Essa visão está conectada à anterior promessa de purificação da casa de Israel, de que Yahweh concederia um novo coração e espírito para a casa de Israel em “sua própria terra” (36,24-27). Não espanta que o profeta tenha sido tratado com descrença: a terrível destruição de Jerusalém, em 586 a.C., significou o colapso da fé nacional de Judá, e não havia como Israel ser restaurado. Os israelitas estavam no exílio havia mais de dez anos, e quaisquer esperança que tinham foi eliminada. Ezequiel, no entanto, acreditava que, se o propósito de Deus era restaurar Israel, Ele o faria, não importa quão grande fosse o milagre necessário.
O vale estava cheio de ossos branqueados ao sol e espalhados pelo chão, esqueletos de cadáveres há muito decompostos e devorados pelas aves e animais. Para os judeus era humilhante o corpo não ser lavado, envolto em faixas e sepultado com dignidade
A visão dos ossos secos (37,1-2)
Ezequiel começa afirmando que ele foi conduzido “pelo Espírito”. Nessa passagem as palavras “sopro”, “Espírito” e “vento” são a mesma palavra hebraica, ruach, ajustada pelos tradutores ao contexto. Ele foi levado a “um vale”, uma palavra que é usada somente pelo profeta. Assim, o local dessa visão pode ter sido o mesmo que o de seu chamado para ser profeta. Ou esta visão pode ter ocorrido perto de Jerusalém, possivelmente no Vale do Cedron. A visão de que o vale estava “cheio de ossos” pode ter sido instigada pela lembrança dos israelitas mortos e espalhados do lado de fora de Jerusalém ou ao longo da estrada do deserto por onde Ezequiel e seus companheiros foram conduzidos como escravos para o exílio babilônico. Na visão, o Senhor disse a Ezequiel para andar no meio dos ossos a fim de ter uma ideia de sua grande quantidade e de como estavam secos. Como sacerdote, ele não poderia ter contato com os mortos, mas se tratava de uma visão e, assim, ele não seria considerado imundo. E o profeta notou que os ossos “estavam sequíssimos”, ou seja, o vale estava cheio de ossos branqueados ao sol e espalhados pelo chão, esqueletos de cadáveres há muito decompostos e devorados pelas aves e animais. Para os judeus era humilhante o corpo não ser lavado, envolto em faixas e sepultado com dignidade numa cova ou túmulo.

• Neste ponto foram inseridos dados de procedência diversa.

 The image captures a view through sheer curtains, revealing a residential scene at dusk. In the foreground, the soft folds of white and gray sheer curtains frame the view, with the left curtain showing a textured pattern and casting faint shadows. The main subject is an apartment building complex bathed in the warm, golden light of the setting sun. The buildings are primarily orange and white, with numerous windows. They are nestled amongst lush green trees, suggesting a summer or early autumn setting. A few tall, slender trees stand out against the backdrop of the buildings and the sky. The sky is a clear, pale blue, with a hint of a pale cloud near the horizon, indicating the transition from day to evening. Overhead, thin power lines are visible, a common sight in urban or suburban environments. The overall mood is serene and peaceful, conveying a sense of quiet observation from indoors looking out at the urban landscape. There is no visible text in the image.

A ressurreição dos ossos secos (37,3-10)
Na visão, Deus perguntou ao profeta: “Será que estes ossos podem reviver?” Do ponto de vista humano, a resposta seria “não”, mas para Yahweh nada é impossível, pois somente ele pode conceder vida. A réplica de Ezequiel, “Senhor Deus, tu o sabes”, não questionou o poder de Deus, mas apenas expressou a convicção de que Deus sabe o que faz e é poderoso para fazê-lo. Ele se entregou completamente à vontade e poder de Deus. Yahweh, assim, ordena que Ezequiel “profetize”, ou seja,a palavra profética seria como a “palavra de Deus”na Criação. No relato de Gênesis, Deus falou, e nova vida foi criada. As palavras de Ezequiel foram eficazes nesta visão, pois eram a “palavra de Deus”, dirigida “para estes ossos”, a congregação menos promissora à qual um pregador já pregou – mas a ordem encontra eco nas palavras de Jesus, “os mortos ouvirão a voz do Filho de Deus; e os que a ouvirem viverão” (Jo 5,25).

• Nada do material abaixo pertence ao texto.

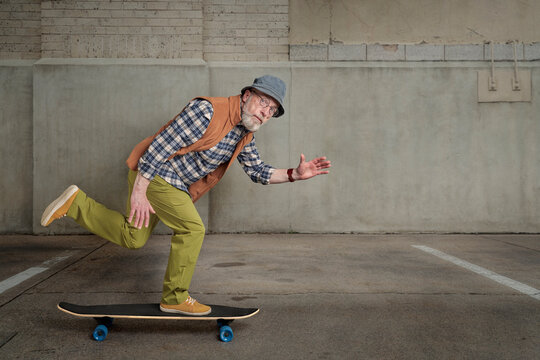 bearded senior man wearing round glasses and a bucket hat is riding a long skateboard in a grunge urban environment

Na sequência, a ordem de Deus é seguida de sua promessa. Ezequiel obedeceu à ordem e creu na promessa. Então, Deus religou os “ossos” com “tendões”, cobriu os ossos e tendões com “carne” e revestiu a carne com “pele”. A sequência, envolvendo “ossos”, “tendões”, “carne” e “pele”, inverteu o processo de decomposição. O milagre foi acompanhado por “um ruído, um barulho”, que pode ser traduzido como “um terremoto”, “um tremor” ou “um chocalhar”. Agora só faltava uma coisa aos corpos, o “espírito”. Mas, antes, uma pergunta importante precisa ser feita: por que os corpos não tinham sido devidamente enterrados? A resposta, de acordo com Daniel Block, “deve ser encontrada nas maldições da aliança. A prática de lançar os corpos ao ar livre, para serem comidos pelos animais selvagens, é bem atestada nas origens do antigo Oriente Próximo. O tratamento era aplicado especialmente àqueles que quebravam juramentos de contratos ou de pactos. [...] Ezequiel, provavelmente, viu a presente cena como uma evidência do cumprimento da própria maldição da aliança de Yahweh, em Dt 28,25-26: ‘Yahweh vos fará cair diante de vossos inimigos. Marchareis contra eles por um único caminho, mas fugireis deles por muitos caminhos. Tornar-vos-eis um horror para todos os reinos da terra. Vossos cadáveres servirão de alimento para aves do céu e para os animais da terra, sem ninguém que os afugente’. [...] A ordem para profetizar ao espírito que entrasse nos cadáveres, a fim de que eles pudessem viver, oferece esperança. Yahweh está, por meio disso, anunciando a retirada da maldição”.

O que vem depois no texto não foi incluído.